If you run a Limited Company in the UK you need to be aware of significant legislative changes that will reshape how businesses operate. The Economic Crime and Corporate Transparency Act (ECCTA) marks the most extensive reform to UK company law in over 170 years. These changes are not minor administrative tweaks. They represent a substantial shift in regulatory expectations and enforcement.
A new era for Companies House
For decades, Companies House has functioned largely as a passive repository for company information, but things are starting to change. Under the ECCTA, Companies House is transforming into an active regulator, with enhanced powers to scrutinise, challenge, and enforce compliance across the business community.
And what does this all mean for you? Expect tighter regulations, more rigorous checks, and a reduced margin for error.
What’s changing (and why it matters!)
Here are the key developments every UK business owner should understand:
1. New requirements for registered office addresses
Businesses must now ensure that their registered office address meets stricter criteria. PO boxes, for instance, will no longer suffice. Companies will need to demonstrate that they operate from a genuine, physical location. This move is aimed at curbing fraudulent activity and enhancing transparency around company operations.
2. Mandatory company email addresses
All companies will be required to provide a registered email address to Companies House. This will serve as the official channel for all communications. The idea is simple: when there’s an issue or query, Companies House needs to be able to contact you immediately, and now they will.
3. Identity verification for directors and PSCs
Perhaps one of the most consequential changes is the requirement for directors and People with Significant Control (PSCs) to verify their identity. The days of anonymous ownership and directorship are coming to an end. Going forward, if identities cannot be verified, companies may not be permitted to incorporate, and existing directors who fail to comply could be removed.
4. Annual lawfulness declarations
Companies will now be required to submit an annual declaration confirming that their operations and future plans are lawful. This is more than just a box-ticking exercise, it places a formal duty on business owners to regularly assess and affirm their compliance with UK law.
5. Increased filing fees and new offences
Running a company will become more expensive. Fees for incorporation, filings, and other Companies House services will increase. In parallel, new offences, penalties, and sanctions are being introduced, meaning the cost of non-compliance, both financially and reputationally, will be higher than ever.
What this means for business owners
These changes will create additional administrative responsibilities for Limited companies across the UK. Annual filings will be more detailed. Identity verification processes will add steps to company formation and management. And increased scrutiny means even small oversights could lead to serious consequences.
While this may sound daunting, it’s important to remember that these reforms are being introduced for good reason. They aim to tackle fraud, increase transparency, and make the UK a safer and more reputable place to do business.
When is this coming into effect?
The new rules under the Economic Crime and Corporate Transparency Act will be introduced gradually. Here’s a simple breakdown of what’s happening and when:
From 8 April 2025
- People can voluntarily verify their identity with Companies House.
By Summer 2025
- Certain trust information from the Register of Overseas Entities will be available on request.
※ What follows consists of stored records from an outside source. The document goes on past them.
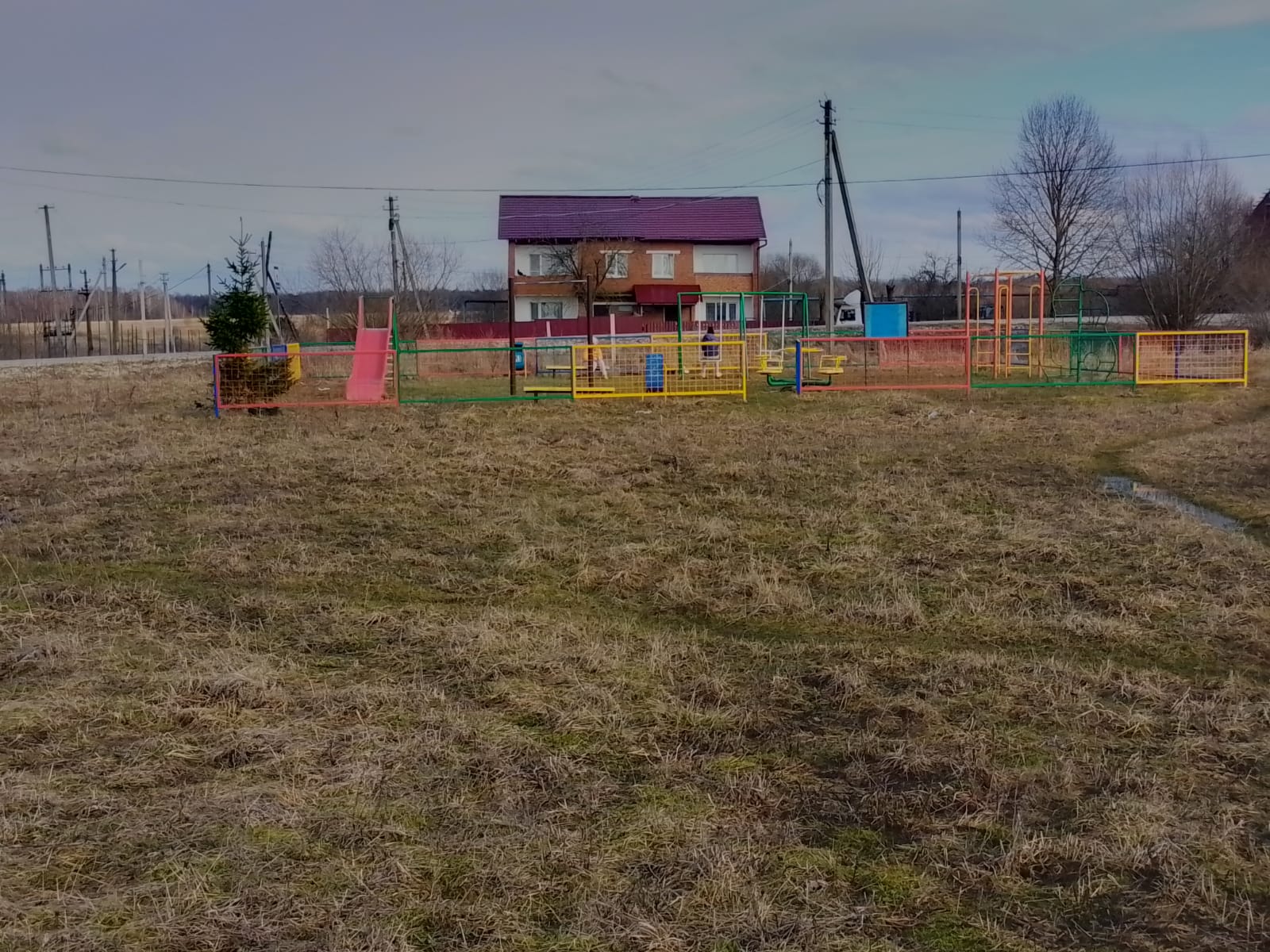 Обустройство спортивной площадки в д.Лобжа Дубенского района по улице Центральная, напротив дома № 31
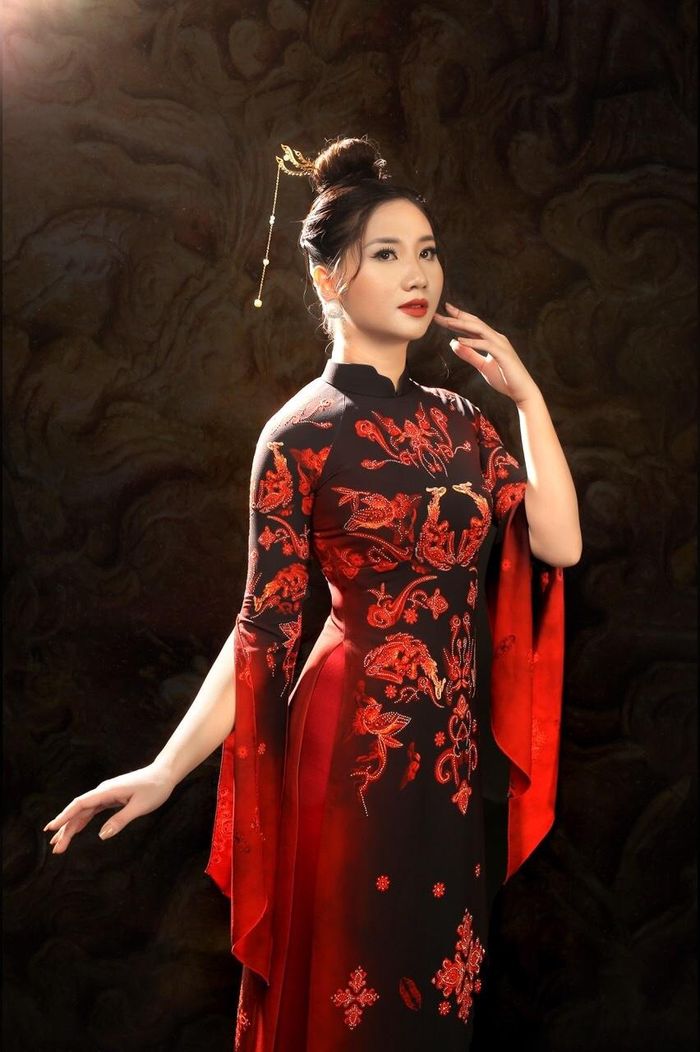 Ở các BST trước, NTK sử dụng chất liệu lụa nhập khẩu thì ở BST lần này chị tôn vinh chất liệu lụa truyền thống của làng lụa Hà Đông, Hà Nội.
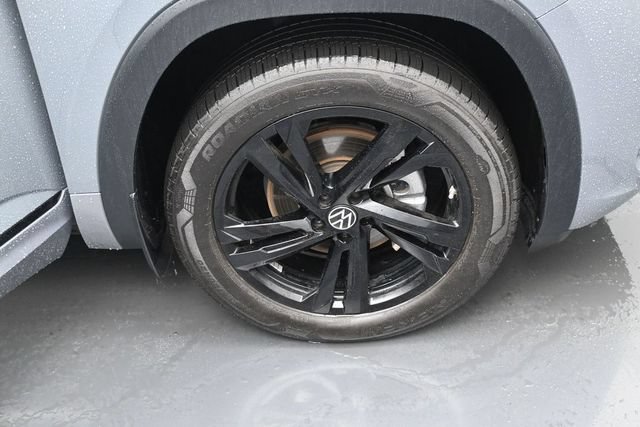Used 2026 Volkswagen Atlas Cross Sport SEL R-Line AWD/4WD image 41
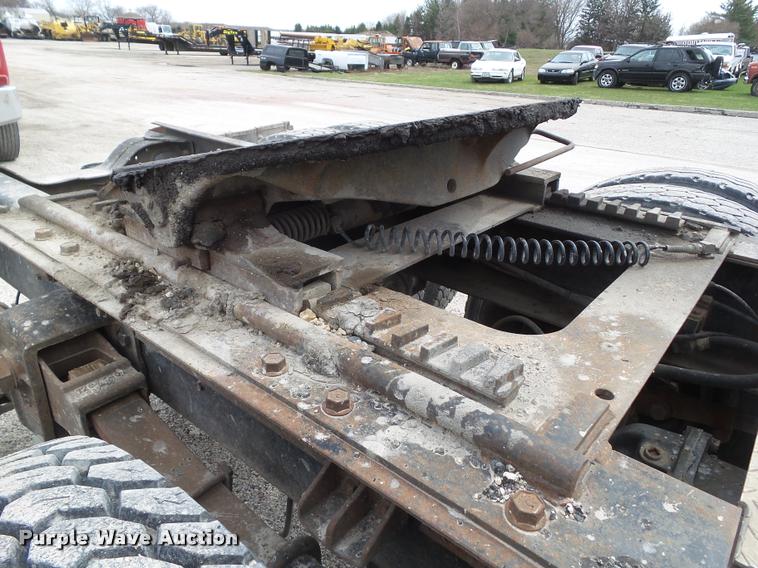 image for item CB9948 1992 Mack CH613 semi truck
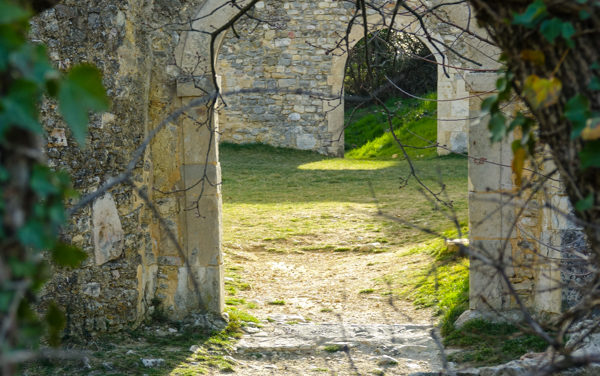 Les villages perchés au départ d’Allan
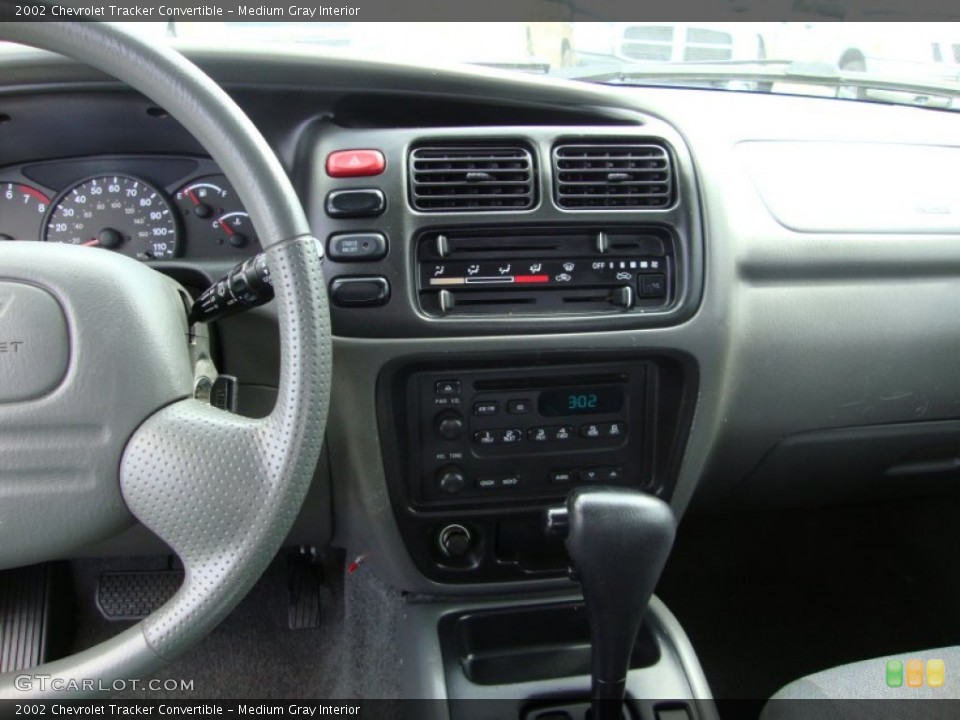 Medium Gray Interior Controls for the 2002 Chevrolet Tracker Convertible #81167478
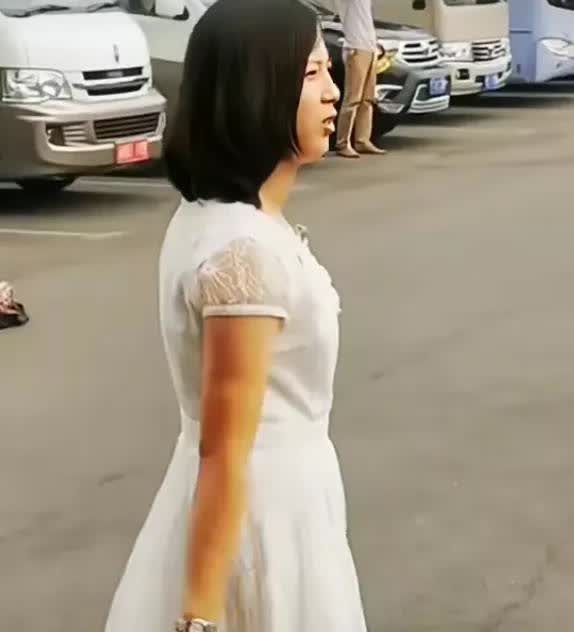 为什么朝鲜没有胖胖的人呢？

今晚咱们唠唠这样的话题。
在朝鲜，无论什么地
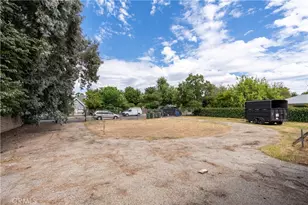 17320 Gresham, Sherwood Forest, CA 91325 - Photo 2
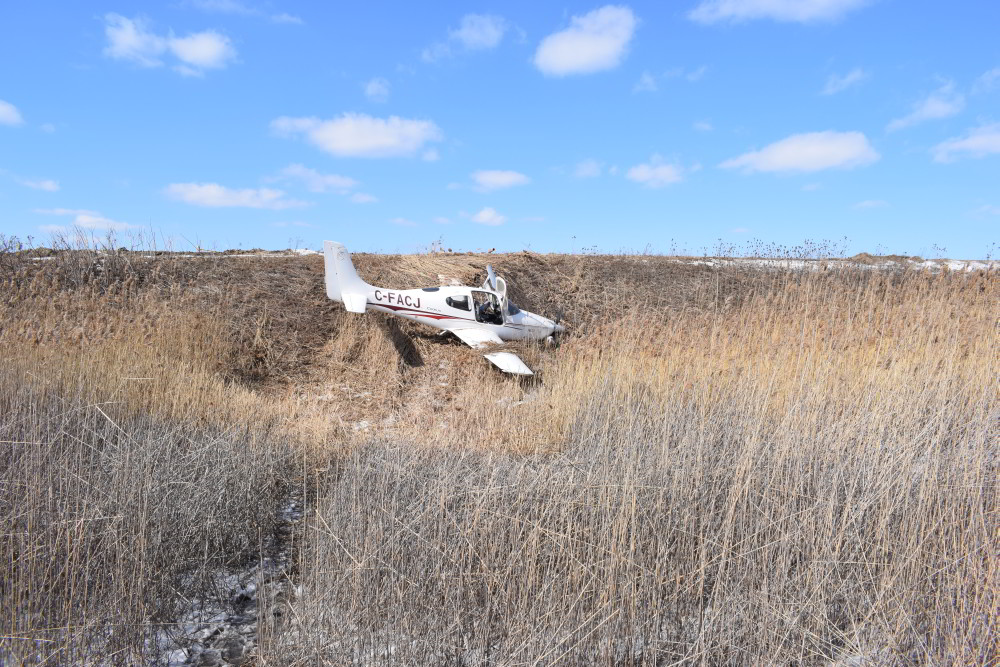 Déploiement du BST à l'aéroport municipal de Toronto / Buttonville (Ontario), où un avion privé monomoteur Cirrus SR20 a été endommagé lors d'une sortie de piste 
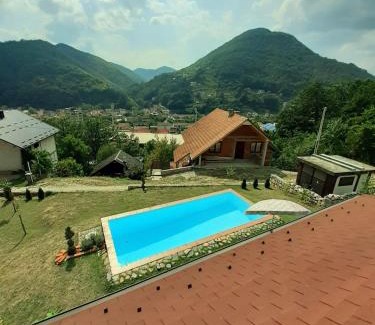 Ivanjica Apartment | Studio Apartman Skyline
- People can ask to hide personal details (like date of birth, signature, home address, and job title) from older public records.
By Autumn 2025
- New directors and People with Significant Control (PSCs) must verify their identity when a company is set up or when they are appointed.
- A 12-month transition period begins for all existing directors and PSCs to verify their identity. This will be part of the company’s annual confirmation statement.
By Spring 2026
- Anyone who submits documents to Companies House must verify their identity.
- Third-party agents (like accountants) must be registered as Authorised Corporate Service Providers (ACSPs).
- Disqualified directors will no longer be allowed to file documents unless done through an ACSP (and only for specific cases).
By end of 2026
- Limited partnerships must provide more detailed company information.
- The identity verification deadline ends, and Companies House can begin taking action against anyone who hasn’t complied.
- Information sharing between Companies House and other government or private bodies will increase.
How to prepare
If you’re a business owner, now is the time to take proactive steps:
- Stay informed. Make sure you understand the new requirements and timelines.
- Review your registered office address to ensure it meets the new standards.
- Prepare for identity verification of directors and PSCs.
- Establish a process for annual declarations of lawfulness.
- Budget for increased fees and assess your compliance costs accordingly.
Most importantly: don’t go it alone. Partnering with an expert accountancy firm that’s up-to-date with ECCTA, MTD, and broader regulatory changes can be the difference between falling behind and staying fully compliant.
At Crunch, we believe in helping businesses focus on growth and success, while we take care of the complex compliance landscape.
The ECCTA represents a landmark change in the UK's corporate regulatory framework. It will make running a company more demanding, but also more secure and transparent. The key is preparation. With the right support and knowledge, these reforms can be managed smoothly.